Ved Parkash
Vs. The State of Haryana [1996] INSC 986 (20 August 1996)
Mukherjee
M.K. (J) Mukherjee M.K. (J) Kurdukar S.P. (J)
CITATION:
1996 SCALE (6)78
ACT:
HEAD NOTE:
O R D
E R
Gian Chand
(complainant) and the appellant accused were known to each other as they were
neighbors living in the same locality at Karnal. It is the case of Gian Chand
that fifteen days before the incident in question, the appellant/ accused had
come to his house and, when he was found drunk, he (the complainant) told him
not to visit his house under the influence of liquor. The appellant took it is
an insult.
It is
alleged by the prosecution that on 14th October, 1986, at about 4.00 p.m. the complainant was returning to his house after
attending his office duty.

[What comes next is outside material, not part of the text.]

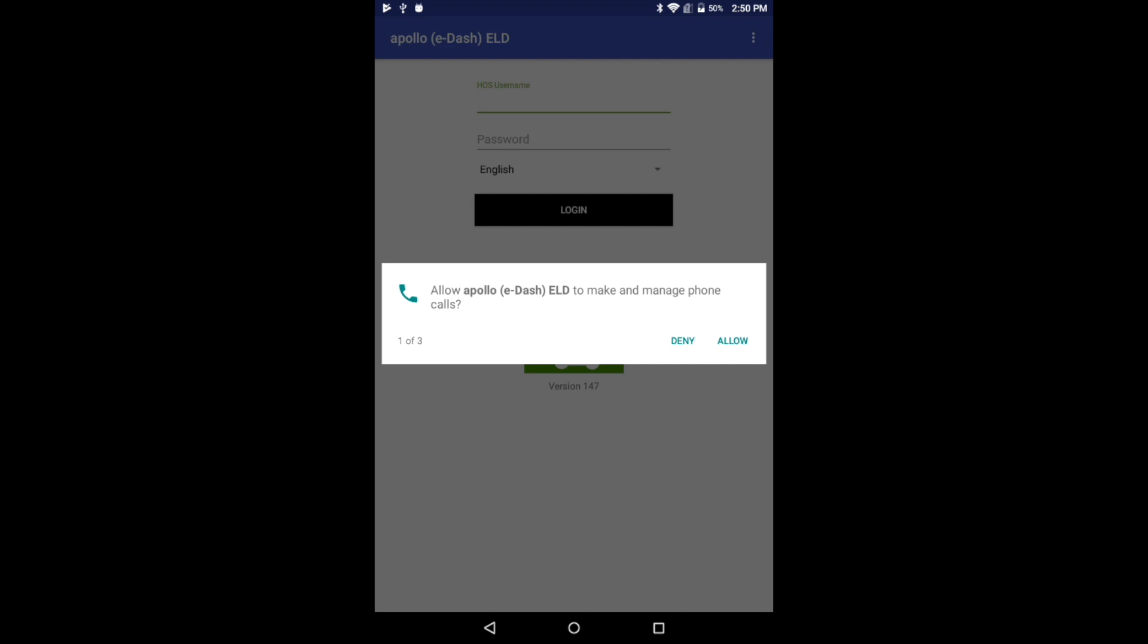You can download the Apollo ELD app by searching Apollo ELD on the Google Play Store.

On the way just near his house, he stopped at a tea
shop & Udhey Bhan where some persons were standing. Piare Lal also joined
him. When they were going to their house, they came near the crossing (chowk)
known as 'Lal Quan'. At that place, four persons, namely, Ram Lal, Anant Ram
and two others were playing cards. They stopped they and were watching the
game, Ved Parkash (hereinafter referred to as 'the accused') came there and
questioned the complainant as to why he had insulted him the other day when he
had come to his house. It is then alleged by the prosecution that the accused
immediately took out a revolver from his pant pocket and fired at Gian Chand
and the bullet hit his left toe. The bullet then hit against a hard substance,
rebounded and hit Gian Chand on his right leg calf. The persons who were
present there tried to apprehend the accused but he fled away. The injured was
then taken tn the hospital by Jai Devi (PW 5) where he was examine by Dr. V.K.Agarwal
(PW 3) who noticed two injuries on the complainant. Doctor sent a ruqqa (Ex.PD)
to the police post attached to the General Hospital.
On
receipt of this ruqqa, ASI Ajit Singh (PW 6) who was then incharge of this
police post came to the hospital. ASI Ajit Singh ( PW 6) then met the doctor
who told him that the injured is in a fit condition to make a statement. ASI Ajit
Singh then recorded the statement of Gian Chand (Ex.PA) and forwarded it to the
police station, City Karnal, for recording formal FIR. It was so recorded by ST
Kartar Singh being Ex. PA/1. SI Kartar Singh (PW 9) then went to the hospital
and took over the investigation. The investigation. officer carried out part of
the investigation. On the next day i.e. 15th October, 1986 he went to the house
of the accused. Accused was not found in his house; however, his brother Jai Parkash
produced the accused at about 1.30 p.m.
During
interrogation, accused made a statement under section 29 of the Evidence Act
which led to the recovery of revolver. Seizure panchnama was accordingly made
and the revolver with five cartridges and his licence were taken charge of.
After completing the investigation, the accused was put up for trial for the
offences punishable under Section 307 of the Indian Penal Code and under
Section 6 of the Terrorist and Disruptive Activities (Prevention) Act, 1985
read with Section 27 of the Arms Act.
2. The
appellant denied the charge and claimed to be tried. In his statement recorded
under Section 313 of the Code of Criminal Procedure, he asserted that he is
innocent and had committed no offence. The appellant has examined Anant Ram as
his witness (DW 1).
3. The
prosecution in support of its case examined Gian Chand-the complainant (PW 1)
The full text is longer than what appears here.